A number of actuators and sensors for the fetal manikin that can accurately simulate extremely premature infants as well as a maternal manikin have been developed and tested (D3.1, D3.3) and published (D3.2). Different transfer procedures and associated devices have been defined and analyzsed (D3.4, D3.5). In preparation for and as part of the integration activities in WP6 a number of additions and improvements to the fetal manikins have been made. This includes: moving legs, arms and ribcage, a saturation phantom (in collaboration with partner Polimi), a manikin for testing the Liquid-Filled-Lungs system with cavities (lung, oral, trachea) and two air bubble sensors, and a 28 week GA manikin to account for growth. Now a number of components can be embedded in the manikins (cyanosis simulator, sensors for temperature and air bubble, and umbilical cord with flow and pressure pulse), Regarding the transfer devices: a lid that allows for the transfer from the transfer bag to the LFC, transfer station including oxygenator holder and a crib to be able to cannulate or intubate the perinate.

4. The extracorporeal artificial placenta (WP4)

In earlier stages the two-chamber oxygenator with minimal prime volume and low flow resistance is manufactured, ready for testing with whole blood (D4.1, D4.2, D4.3). First concepts of a possible fetal dialyzer for the liquid filled chamber are defined and prototyped (D4.4).

In recent activities, gas transfer measurements according to ISO 7199 as well as pressure measurements to access the pressure drop over the oxygenator to verify our novel have been carried out and a few changes to the design are made. A more comprehensive series of tests on gas transfer performance an pressure loss, with the first results briefly presented here, has been conducted.

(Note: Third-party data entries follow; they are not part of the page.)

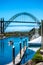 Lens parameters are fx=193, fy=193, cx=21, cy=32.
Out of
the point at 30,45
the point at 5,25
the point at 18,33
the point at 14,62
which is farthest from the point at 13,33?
the point at 14,62

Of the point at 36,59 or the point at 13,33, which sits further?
the point at 13,33

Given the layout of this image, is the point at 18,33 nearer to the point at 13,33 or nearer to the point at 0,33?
the point at 13,33

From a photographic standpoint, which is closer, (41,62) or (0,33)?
(41,62)

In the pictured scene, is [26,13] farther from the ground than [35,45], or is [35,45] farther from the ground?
[26,13]

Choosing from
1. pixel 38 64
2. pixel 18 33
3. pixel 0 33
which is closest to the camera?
pixel 38 64

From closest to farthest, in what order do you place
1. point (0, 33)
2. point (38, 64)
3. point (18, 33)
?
point (38, 64), point (0, 33), point (18, 33)

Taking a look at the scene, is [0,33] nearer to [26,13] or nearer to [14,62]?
[26,13]

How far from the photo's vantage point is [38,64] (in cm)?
709

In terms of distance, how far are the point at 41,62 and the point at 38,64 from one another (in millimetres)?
426

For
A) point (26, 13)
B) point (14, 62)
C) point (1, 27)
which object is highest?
point (26, 13)

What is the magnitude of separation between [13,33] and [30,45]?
1632 inches

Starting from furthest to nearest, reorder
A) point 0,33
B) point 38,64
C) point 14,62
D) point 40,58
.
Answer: point 0,33 < point 14,62 < point 40,58 < point 38,64

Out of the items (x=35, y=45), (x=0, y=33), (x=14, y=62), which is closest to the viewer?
(x=14, y=62)

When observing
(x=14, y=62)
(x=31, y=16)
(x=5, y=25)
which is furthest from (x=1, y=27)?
(x=14, y=62) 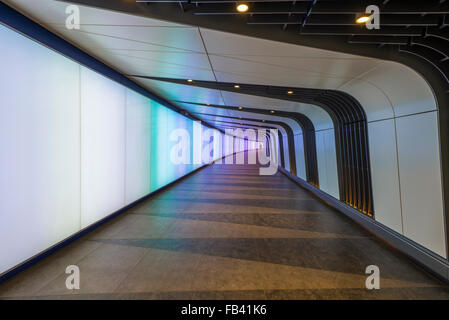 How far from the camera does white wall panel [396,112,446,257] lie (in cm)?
346

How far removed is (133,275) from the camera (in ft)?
11.0

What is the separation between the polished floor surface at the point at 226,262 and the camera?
298 cm

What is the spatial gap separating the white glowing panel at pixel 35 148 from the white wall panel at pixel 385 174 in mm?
6000

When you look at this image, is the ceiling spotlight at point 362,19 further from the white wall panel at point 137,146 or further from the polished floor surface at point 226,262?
the white wall panel at point 137,146

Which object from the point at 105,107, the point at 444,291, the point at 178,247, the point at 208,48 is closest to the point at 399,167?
the point at 444,291

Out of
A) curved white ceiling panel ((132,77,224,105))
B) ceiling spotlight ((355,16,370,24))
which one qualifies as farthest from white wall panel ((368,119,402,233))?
curved white ceiling panel ((132,77,224,105))

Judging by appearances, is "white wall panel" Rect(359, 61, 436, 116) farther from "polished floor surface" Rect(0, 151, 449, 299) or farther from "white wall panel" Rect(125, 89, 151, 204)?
"white wall panel" Rect(125, 89, 151, 204)

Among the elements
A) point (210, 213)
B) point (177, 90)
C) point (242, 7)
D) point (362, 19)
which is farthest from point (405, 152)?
point (177, 90)

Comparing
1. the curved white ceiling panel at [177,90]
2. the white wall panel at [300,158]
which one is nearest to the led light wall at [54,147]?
the curved white ceiling panel at [177,90]

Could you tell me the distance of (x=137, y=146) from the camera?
7277 millimetres

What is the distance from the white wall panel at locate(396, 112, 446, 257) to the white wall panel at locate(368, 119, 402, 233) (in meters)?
0.19

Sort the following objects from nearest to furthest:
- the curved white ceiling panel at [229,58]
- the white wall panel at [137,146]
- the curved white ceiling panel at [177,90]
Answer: the curved white ceiling panel at [229,58] → the white wall panel at [137,146] → the curved white ceiling panel at [177,90] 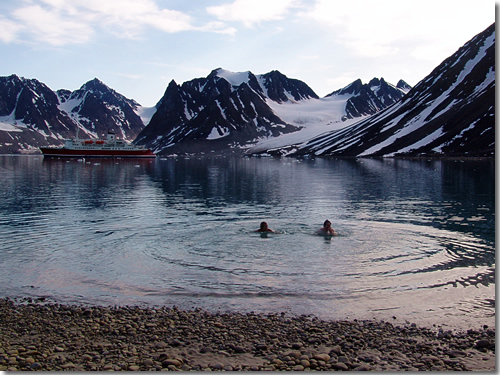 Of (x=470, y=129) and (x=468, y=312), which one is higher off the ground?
(x=470, y=129)

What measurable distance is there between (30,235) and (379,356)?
84.0 ft

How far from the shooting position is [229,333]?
14484 mm

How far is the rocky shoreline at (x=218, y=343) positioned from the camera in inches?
484

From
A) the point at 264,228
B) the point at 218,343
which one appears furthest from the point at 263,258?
the point at 218,343

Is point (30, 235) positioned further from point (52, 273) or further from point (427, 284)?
point (427, 284)

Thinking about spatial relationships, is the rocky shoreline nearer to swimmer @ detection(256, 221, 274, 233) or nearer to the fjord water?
the fjord water

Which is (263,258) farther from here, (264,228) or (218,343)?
(218,343)

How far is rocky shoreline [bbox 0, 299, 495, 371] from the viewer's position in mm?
12289

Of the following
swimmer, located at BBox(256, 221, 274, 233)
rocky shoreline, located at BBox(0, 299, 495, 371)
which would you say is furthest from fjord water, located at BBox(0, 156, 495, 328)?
rocky shoreline, located at BBox(0, 299, 495, 371)

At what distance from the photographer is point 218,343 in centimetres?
1379

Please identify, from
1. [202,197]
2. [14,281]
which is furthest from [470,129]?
[14,281]

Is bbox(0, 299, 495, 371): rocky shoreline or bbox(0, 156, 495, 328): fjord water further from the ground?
bbox(0, 156, 495, 328): fjord water

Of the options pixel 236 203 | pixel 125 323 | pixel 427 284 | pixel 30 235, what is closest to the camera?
pixel 125 323

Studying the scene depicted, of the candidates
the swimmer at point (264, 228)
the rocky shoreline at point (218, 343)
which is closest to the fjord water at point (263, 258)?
the swimmer at point (264, 228) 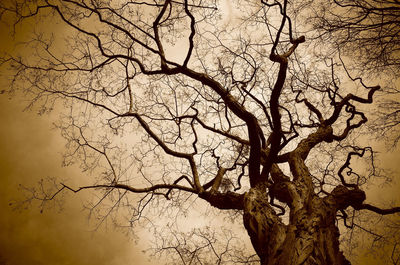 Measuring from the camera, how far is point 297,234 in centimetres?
328

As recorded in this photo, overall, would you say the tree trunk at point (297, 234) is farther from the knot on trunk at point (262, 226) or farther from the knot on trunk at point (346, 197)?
the knot on trunk at point (346, 197)

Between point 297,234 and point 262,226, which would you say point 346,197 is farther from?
point 262,226

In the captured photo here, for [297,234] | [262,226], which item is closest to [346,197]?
[297,234]

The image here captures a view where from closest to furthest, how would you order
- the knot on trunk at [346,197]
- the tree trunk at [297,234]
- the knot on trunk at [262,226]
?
the tree trunk at [297,234], the knot on trunk at [262,226], the knot on trunk at [346,197]

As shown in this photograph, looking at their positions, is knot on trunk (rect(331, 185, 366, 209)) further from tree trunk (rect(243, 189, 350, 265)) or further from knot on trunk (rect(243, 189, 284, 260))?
knot on trunk (rect(243, 189, 284, 260))

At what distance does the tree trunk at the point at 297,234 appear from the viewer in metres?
2.99

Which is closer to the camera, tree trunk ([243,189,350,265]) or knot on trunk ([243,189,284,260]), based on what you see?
tree trunk ([243,189,350,265])

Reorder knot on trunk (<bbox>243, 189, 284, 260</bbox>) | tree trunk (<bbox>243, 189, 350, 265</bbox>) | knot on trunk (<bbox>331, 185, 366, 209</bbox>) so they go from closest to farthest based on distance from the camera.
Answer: tree trunk (<bbox>243, 189, 350, 265</bbox>)
knot on trunk (<bbox>243, 189, 284, 260</bbox>)
knot on trunk (<bbox>331, 185, 366, 209</bbox>)

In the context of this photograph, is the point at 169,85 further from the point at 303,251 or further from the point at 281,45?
the point at 303,251

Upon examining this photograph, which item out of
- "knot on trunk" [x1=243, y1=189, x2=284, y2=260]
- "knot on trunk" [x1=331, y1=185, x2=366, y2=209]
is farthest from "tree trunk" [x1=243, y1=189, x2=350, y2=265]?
"knot on trunk" [x1=331, y1=185, x2=366, y2=209]

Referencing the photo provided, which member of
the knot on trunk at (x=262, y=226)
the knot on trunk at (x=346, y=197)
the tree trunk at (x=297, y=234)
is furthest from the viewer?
the knot on trunk at (x=346, y=197)

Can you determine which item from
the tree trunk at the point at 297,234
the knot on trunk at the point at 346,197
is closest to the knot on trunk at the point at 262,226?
the tree trunk at the point at 297,234

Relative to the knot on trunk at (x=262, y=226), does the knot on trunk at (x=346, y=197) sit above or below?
above

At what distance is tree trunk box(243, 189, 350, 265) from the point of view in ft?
9.81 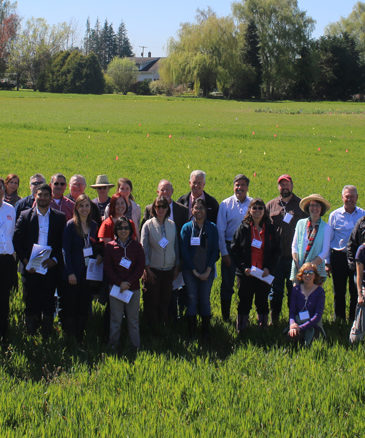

5. The monitoring system (WP5)

In the previous report periods, a compact hybrid unobtrusive monitoring device for fetal function measurements that allows for simultaneous Diffuse Correlation Spectroscopy (DCS) and Time Domain Near Infrared Spectroscopy (TD-NIRS) measurements was built and tested (D5.3, D5.4).

In the last reporting period work has been performed on the optimization of the hybrid TD NIRS and DCS device and the validation of the device in pre-clinical settings. In addition to the modelling work performed in the context of WP 1 (Task 1.2) a model of the cerebral autoregulation has been developed. Finally, the possibility to measure fECG through the insulating layer of the LFC by the use of capacitive electrodes has been investigated.

6. Technical validation of integrated system (WP6)

Integration of components (developed by several partners) within PLS have been discussed and based on the requirements already defined in WP1. New insights that evolve during the execution of the project will be integrated in the list of requirements. Final integration of the subsystems will be performed in Aachen (month 51). The technical validation of the PLS prototype is expected in Month 48. Already some work regarding the numerical simulations for studying penetration depth of NIRS signals, testing the oxygenation phantom in the fetal manikin, and steps towards industrialization of the hybrid DCS and TD NIRS device is started.

7. Dissemination

In addition to the substantial activities mentioned above, all necessary actions were taken for dissemination of results to stakeholders and promotion of further uptake of results (D7.1), the creation of a development and exploitation plan, and a data management plan (D7.2. The project has been managed regarding implementation, financial aspects, monitoring, meetings, and reporting (D7.4, D7.5, D7.6). In the second year of the project, we actively involved Advocate Advisory Board (AAB) and the Scientific Advisory Board.